The movie, which features Chris Evans, Michael K. Williams y Ben Kingsley, focuses on the epic task a group of Israeli Mossad intelligence agents undertook in the early 1980s to help Ethiopian Jews migrate to Israel.

The agents helped thousands travel across Sudanese deserts both on foot an by air and used a hotel on Port Sudan beach as a front to smuggle Ethiopians out of the war-torn country.

The operation was backed by then prime minister Menajem Beguin who recognized Ethiopian Jews as Jews and who up until then had been considered an “exotic tribe,” Gad Shimron, an agent for the Mossad told Efe.

“It was like a zionist James Bond operation,” Shimron, who was a key player of the team that created the resort as a cover.

Shimron became one of the first people to tell the extraordinary true story through his book, “Mossad Exodus.”

The covert agent was arrested during the operation in Sudan and witnessed the scene featured in the movie during which Sudanese forces started firing at the Israeli Mossad agents when they mistook them for traffickers.

“There was not one single paragraph in the rule book on how to operate, in terms of risks taken and cover stories, the modus operandi, everything was done in an improvised way,” he added.

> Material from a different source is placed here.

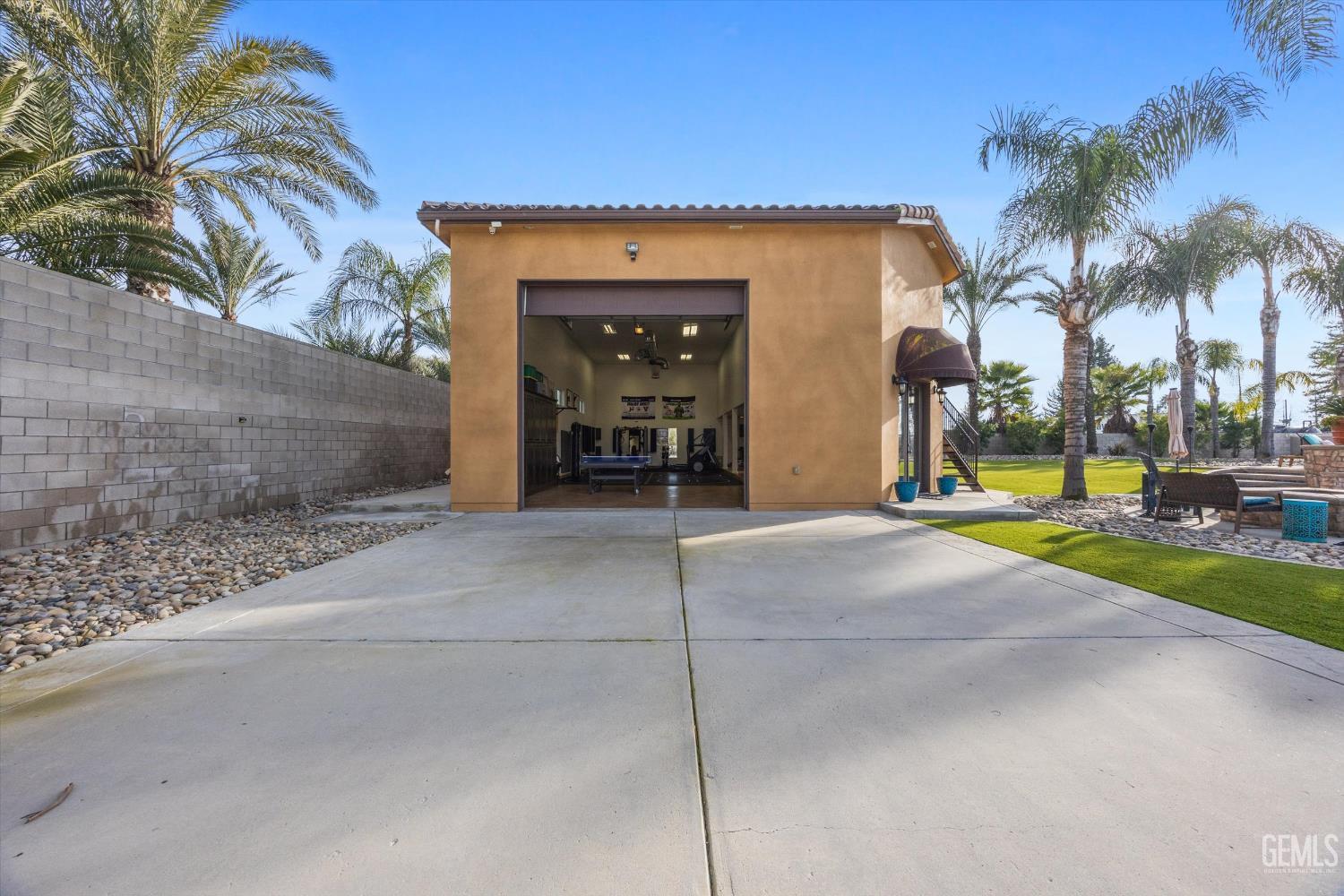 Undisclosed Address Bakersfield, CA 93314 - Photo 40 of 59 a view of a house with basketball court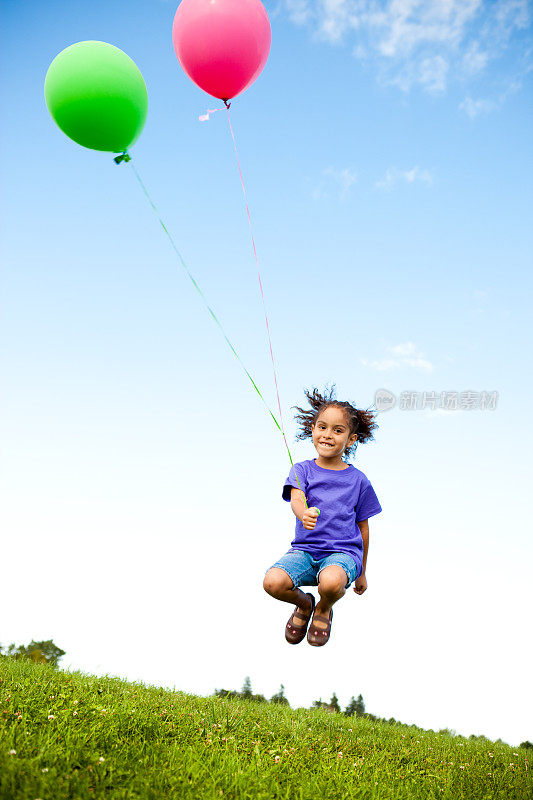 快乐的小女孩和气球在外面跳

If the same task had been handed over to the top unit of the Mossad, they would have delayed the operation six months to plan it, spent millions of dollars on executing it and would have rescued 20 Jews, whilst Shirmon’s team rescued 6,000.

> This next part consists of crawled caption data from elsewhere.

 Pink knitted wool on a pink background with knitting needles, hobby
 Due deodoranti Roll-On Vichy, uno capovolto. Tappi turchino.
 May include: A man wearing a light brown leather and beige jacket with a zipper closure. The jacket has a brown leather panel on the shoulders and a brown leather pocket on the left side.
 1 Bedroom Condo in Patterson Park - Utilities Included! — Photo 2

One of the most surprising things to happen throughout the operation was how the hotel became a thriving business and a magnet for reveling tourists who flocked to the resort to join the alcohol-fueled parties and activities such as diving and windsurfing.

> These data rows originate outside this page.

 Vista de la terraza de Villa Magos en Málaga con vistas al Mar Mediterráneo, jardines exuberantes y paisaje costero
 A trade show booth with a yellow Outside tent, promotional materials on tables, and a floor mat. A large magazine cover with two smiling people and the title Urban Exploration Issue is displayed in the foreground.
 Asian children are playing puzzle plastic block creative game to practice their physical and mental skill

Beyond the extraordinary stories of Israeli intelligence offers, the movie also tells the story of the many Jewish Ethiopians who, Shimron points out, were the true heroes of the operation.

They crossed 700 kilometers from their villages before reaching Sudan an operation that was overseen by Farede Aklum, played by Michael K. Williams in the movie.

“The trip was very tough, it was a very, very long journey, more than two months from our village in Ethiopia to Sudan and on the way there were a lot of difficulties in terms of food, water, people that got sick on the way an we had no doctor with us, no hospital, so people died on the way,” Beer Sheva Naftali Aklum, Farede’s brother who was only one when he joined his family in Israel, told Efe.

Even though Naftali feels the full story of his community is not reflected in the movie, he recognized that ultimately it is a positive thing that can raise awareness of the plight Ethiopian Jews faced.

Nearly 40 years have passed since “Operation Moses” but Ethiopian Jews who exiled to Israel and their offspring are not yet fully integrated and have recently led a series of protests against what police brutality towards their communities.

The protests left several police officers and protesters injured and there were some arrests.

Naftali thinks that if Fayede, who died 10 years ago, had witnessed the protests he would have questioned whether bringing Ethiopian Jews to Israel was a good thing.

“He wanted them to feel safe, and really be part of Israeli society so when it didn’t happen, I remember days that he was very sad,” Naftali said.

“The Israeli government has done unbelievable efforts to bring them and also invested a lot of money into absorbing them,” Shimron said.

“In the process of absorption terrible mistakes were done,” he added.

“Unfortunately Israeli society has large segments of racists, especially the ultra-orthodox, but also some other people,” Shimron lamented.